> _WHAT YOU HAVE TO DO_
Below is a listing with pictures in it. Copy it exactly without them.

> _DATA SECTION_
# # #
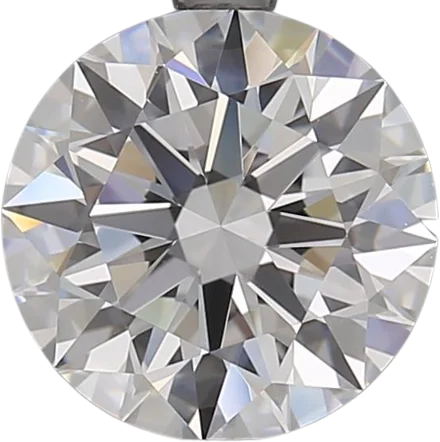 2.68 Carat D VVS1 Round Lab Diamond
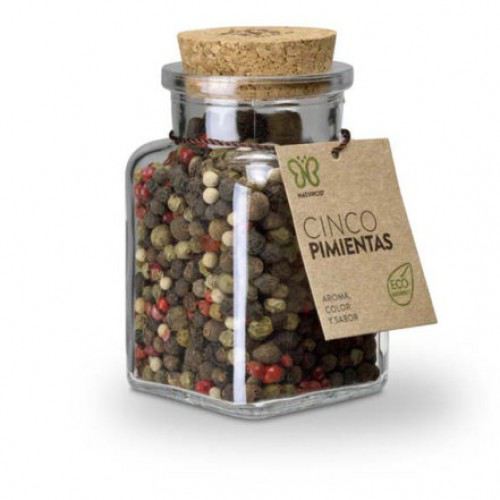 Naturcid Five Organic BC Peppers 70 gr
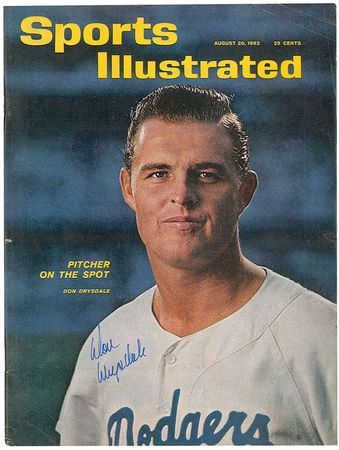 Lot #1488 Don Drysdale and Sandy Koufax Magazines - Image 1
# # #
> _EXERCISE OUTPUT_
 2.68 Carat D VVS1 Round Lab Diamond
 Naturcid Five Organic BC Peppers 70 gr
 Lot #1488 Don Drysdale and Sandy Koufax Magazines - Image 1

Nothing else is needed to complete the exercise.